A common ploy by national hosts in the past has been to crack the final, critical issues in smaller groups of as few as five of the most relevant, affected or powerful countries.
That is a risky approach, for sure, given that UN agreements are made by consensus: nations are suspicious of having decisions forced upon them.
Most famously, the last major conference in Copenhagen in 2009 collapsed after the Danish hosts sprang upon a bad-tempered summit a surprise text, which they had composed themselves.
However, the climate talks in Paris could not be more different: the French hosts have accumulated, thus far, unanimous praise and goodwill for their tact and diplomacy.
Fabius, president of the talks, may therefore be emboldened to convene, himself, smaller groups of countries to resolve the final sticking points, and push the conference to a final agreement.
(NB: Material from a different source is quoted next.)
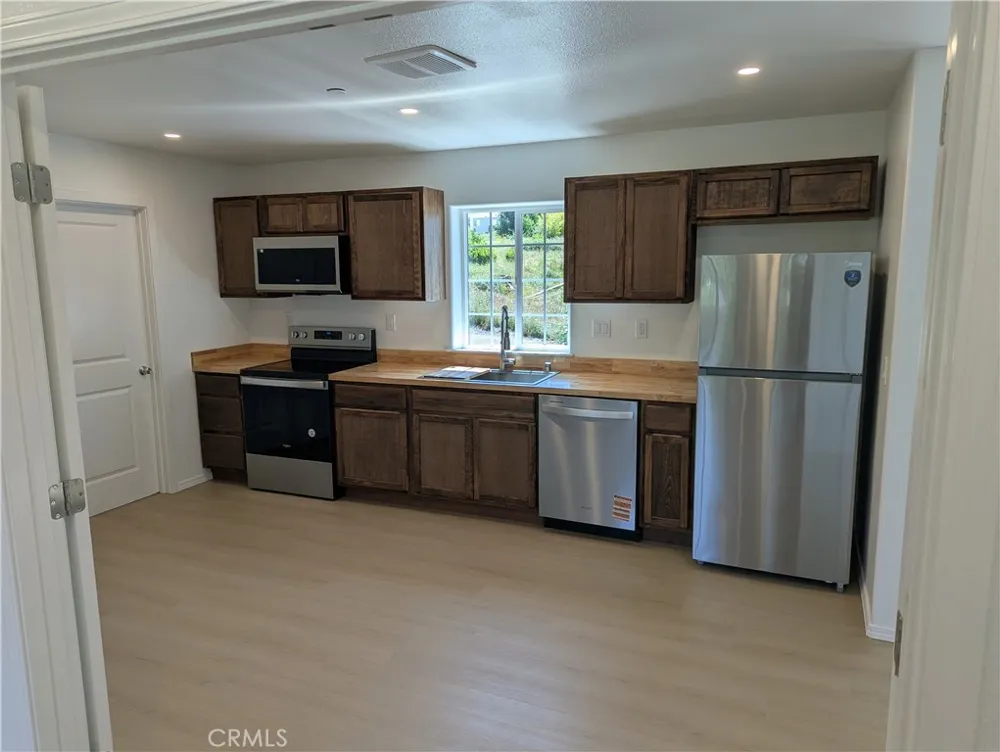6245 Brevard Cir Magalia, CA 95954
Thus far this week, the talks have involved many or all nations, negotiating in separate sessions on the seven main aspects of a prospective agreement, with each session led by ministers from many different nations.
On Wednesday night, the talks divided in two, with up to 100 ministers negotiating directly with each other.
Given the lack of progress using that mass approach, the French hosts may now take control, and chair smaller groups of nations themselves, to clear the three main outstanding hurdles, on differentiation, finance and ambition.
That approach could help smooth differences, given that the three remaining problems are tangled, each depending on the other, and so may be best resolved by discussing in concert, rather than separately.
Such a new phase would be entirely in keeping with the process historically, rather than a cause for alarm, and given the harmonious atmosphere to date in Paris, could break the impasse.